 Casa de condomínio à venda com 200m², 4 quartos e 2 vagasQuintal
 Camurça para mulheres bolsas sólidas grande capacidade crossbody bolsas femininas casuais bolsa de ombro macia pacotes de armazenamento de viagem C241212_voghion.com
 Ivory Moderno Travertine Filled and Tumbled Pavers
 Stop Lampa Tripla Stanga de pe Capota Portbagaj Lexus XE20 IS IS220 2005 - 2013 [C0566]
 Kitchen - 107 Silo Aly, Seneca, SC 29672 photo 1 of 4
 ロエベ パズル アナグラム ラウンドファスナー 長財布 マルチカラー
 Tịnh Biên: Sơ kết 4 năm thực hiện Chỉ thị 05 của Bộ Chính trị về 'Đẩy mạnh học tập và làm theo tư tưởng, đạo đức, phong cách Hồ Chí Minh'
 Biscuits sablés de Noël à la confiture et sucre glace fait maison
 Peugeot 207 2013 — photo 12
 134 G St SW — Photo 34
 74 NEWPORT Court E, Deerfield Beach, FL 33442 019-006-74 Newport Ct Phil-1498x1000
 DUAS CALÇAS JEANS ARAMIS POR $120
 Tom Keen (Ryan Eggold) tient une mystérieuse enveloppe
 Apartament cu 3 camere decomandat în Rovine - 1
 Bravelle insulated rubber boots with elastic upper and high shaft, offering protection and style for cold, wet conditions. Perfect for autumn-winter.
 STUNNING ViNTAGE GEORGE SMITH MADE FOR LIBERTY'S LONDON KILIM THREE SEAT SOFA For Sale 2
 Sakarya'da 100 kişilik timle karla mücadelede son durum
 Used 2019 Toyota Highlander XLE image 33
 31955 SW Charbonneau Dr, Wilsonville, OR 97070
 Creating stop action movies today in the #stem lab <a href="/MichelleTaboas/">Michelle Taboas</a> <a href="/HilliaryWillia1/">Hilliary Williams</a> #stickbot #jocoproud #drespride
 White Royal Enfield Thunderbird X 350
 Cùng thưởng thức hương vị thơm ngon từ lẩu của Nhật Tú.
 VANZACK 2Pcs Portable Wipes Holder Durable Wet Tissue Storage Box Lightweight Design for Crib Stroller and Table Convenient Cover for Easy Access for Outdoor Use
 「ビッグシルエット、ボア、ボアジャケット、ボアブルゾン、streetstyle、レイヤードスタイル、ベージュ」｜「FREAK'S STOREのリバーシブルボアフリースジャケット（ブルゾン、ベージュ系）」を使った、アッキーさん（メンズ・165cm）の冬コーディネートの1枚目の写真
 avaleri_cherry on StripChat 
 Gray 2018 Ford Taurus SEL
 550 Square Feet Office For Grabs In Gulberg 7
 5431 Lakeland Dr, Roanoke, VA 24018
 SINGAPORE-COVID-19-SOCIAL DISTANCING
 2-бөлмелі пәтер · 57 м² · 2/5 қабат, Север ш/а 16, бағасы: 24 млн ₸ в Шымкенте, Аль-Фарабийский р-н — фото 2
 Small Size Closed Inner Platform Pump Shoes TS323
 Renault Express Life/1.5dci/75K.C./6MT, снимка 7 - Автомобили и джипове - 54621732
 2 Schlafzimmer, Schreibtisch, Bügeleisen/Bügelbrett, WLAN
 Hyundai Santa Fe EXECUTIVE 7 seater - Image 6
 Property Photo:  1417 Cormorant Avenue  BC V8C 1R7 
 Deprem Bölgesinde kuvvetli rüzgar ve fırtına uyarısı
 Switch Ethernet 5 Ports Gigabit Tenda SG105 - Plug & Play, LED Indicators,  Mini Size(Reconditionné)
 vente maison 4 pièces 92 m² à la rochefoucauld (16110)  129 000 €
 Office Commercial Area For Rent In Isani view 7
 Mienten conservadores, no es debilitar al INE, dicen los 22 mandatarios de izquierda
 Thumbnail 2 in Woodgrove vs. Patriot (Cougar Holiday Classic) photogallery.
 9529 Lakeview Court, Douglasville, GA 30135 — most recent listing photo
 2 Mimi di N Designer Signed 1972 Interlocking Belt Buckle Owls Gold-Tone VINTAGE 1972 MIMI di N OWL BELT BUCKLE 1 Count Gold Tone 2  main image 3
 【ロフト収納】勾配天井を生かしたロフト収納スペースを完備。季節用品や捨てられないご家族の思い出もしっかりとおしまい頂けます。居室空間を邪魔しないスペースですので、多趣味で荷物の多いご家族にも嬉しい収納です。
=-=-=-=-=
* Task prompt
Out of the listing above, reproduce exactly the lines from the one with "Switch Ethernet 5" up to and including the one with "9529 Lakeview Court, Douglasville, GA".

* Expected output
 Switch Ethernet 5 Ports Gigabit Tenda SG105 - Plug & Play, LED Indicators,  Mini Size(Reconditionné)
 vente maison 4 pièces 92 m² à la rochefoucauld (16110)  129 000 €
 Office Commercial Area For Rent In Isani view 7
 Mienten conservadores, no es debilitar al INE, dicen los 22 mandatarios de izquierda
 Thumbnail 2 in Woodgrove vs. Patriot (Cougar Holiday Classic) photogallery.
 9529 Lakeview Court, Douglasville, GA 30135 — most recent listing photo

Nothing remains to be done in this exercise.